Good time girls: Italian women prefer sunglasses to babies, according to Nicholas Farrell

A review of The Italians by John Hooper warns that unless the birthrate in Italy rises the country is doomed

7 February 2015

9:00 AM

7 February 2015

9:00 AM

The Italians John Hooper

Allen Lane, pp.316, £20

Like so many Britons who chased the dream and woke up in Italy I have contemplated writing a book about the Italians. I even thought of what to call it: Those Italians.The title was prompted by what an Albanian port official told the media during some international crisis in response to the news that the entire cargo of an Italian aid ship had disappeared one night in the Albanian port of Durres. ‘Yes it is incredible,’ the official conceded, ‘but — my friends — there is always something funny going on with those Italians.’ An Albanian, of all people!

But such books are a poisoned chalice. The theme demands that you capture the spirit of the place and its people and yet avoid stereotype and cliché. But how do you say anything interesting about the Italians that has not been said so many times before?

If I had not bottled out, my instinct would have been to rattle the cage big time because — here we go — the Italians are a pathologically paranoid people. If a British or American newspaper writes something negative about them, for example, it is front-page news in Italy. It never happens the other way round.

No article I have written anywhere caused as much furore and reader reaction as one a few years ago for the Italian press which attacked a sacred cow: Italian restaurants. I pointed out a simple truth — that Italian restaurant food these days is monotonous and bad. As a result, the Italians simply wanted me out of their country.


The only other article to cause a similar stir was when I pointed out another simple truth: actually, the Allies liberated Italy in the second world war and the partisans were a military irrelevance. Worse, the partisans (dominated by the communists) were anti-democratic, I dared to add, because their aim was to make Italy part of the Soviet bloc. A few days later, I received a bullet in the post, destined for Caterina, the eldest of my five children.

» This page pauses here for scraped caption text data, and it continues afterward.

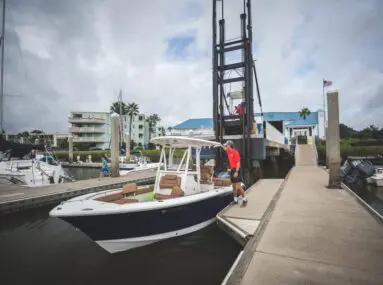 man holding onto a boat in a slip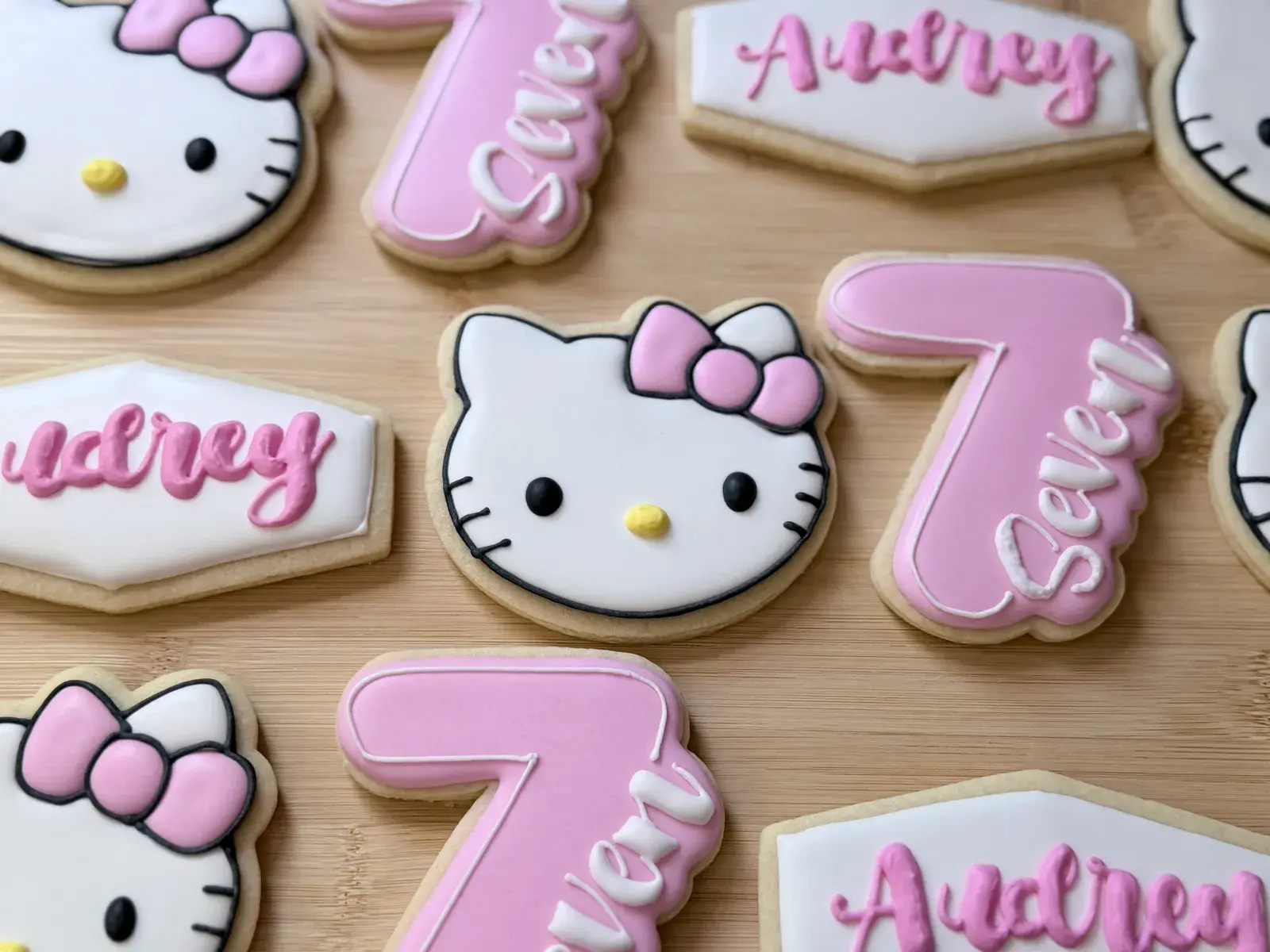 Hello Kitty birthday cookies in pink and white, including a Hello Kitty face with a bow, the name Audrey in pink script, and numeral 7 or Seven cookies marking a seventh birthday.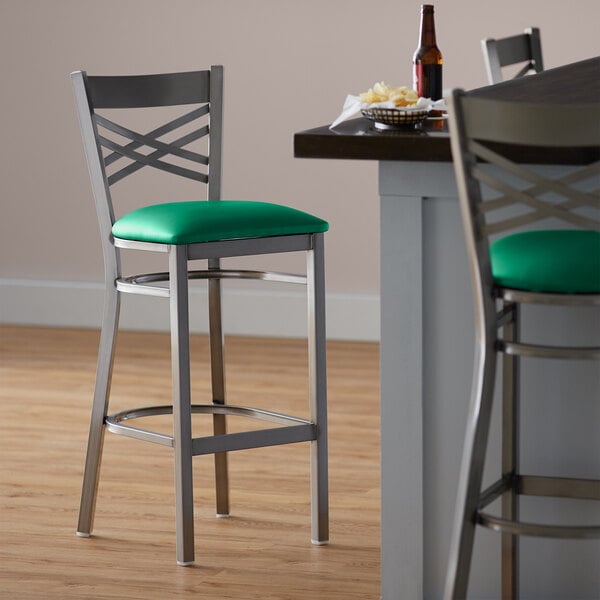 Lancaster Table & Seating Clear Coat Finish Cross Back Bar Stool with 2 1/2" Green Vinyl Padded Seat - Assembled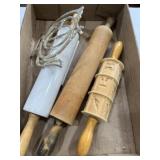 3 rolling pins and a trivet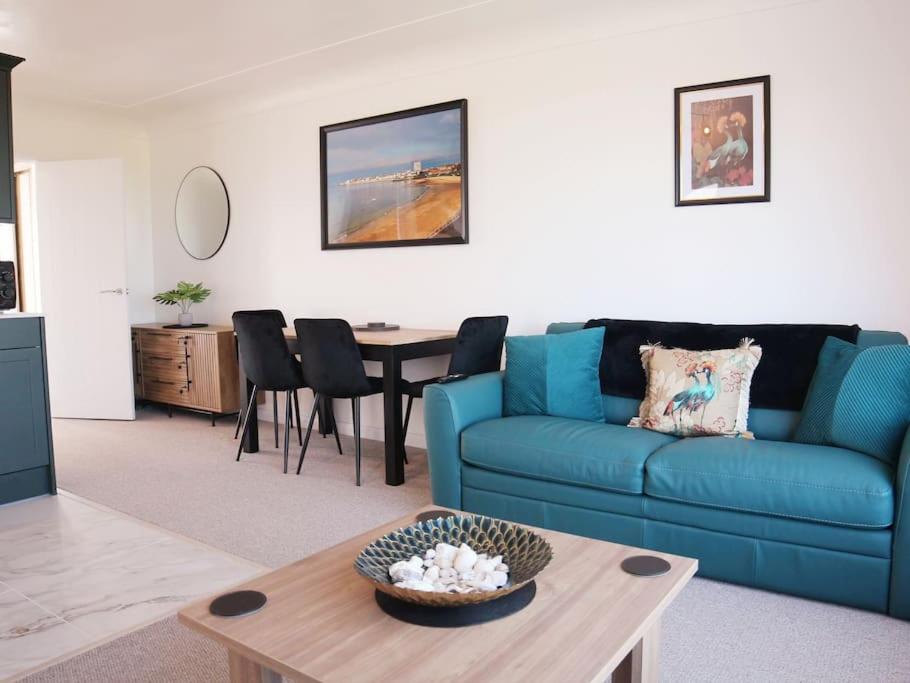 sala de estar con sofá azul y mesa en Ocean View apartment, beautiful sea views, en Kent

John Hooper — for many years Rome correspondent of the Guardian and Economist — has grabbed the poisoned chalice, and I admire him for that. But he has not rattled the cage. He has decided instead to produce a statistical grand tour alla Guardianista of the past and present of this troubled peninsula which is at the centre of the Mediterranean and therefore at the centre of civilisation as we know it. He writes: ‘What other people of comparable numbers can lay claim to such an extraordinary catalogue of achievements?’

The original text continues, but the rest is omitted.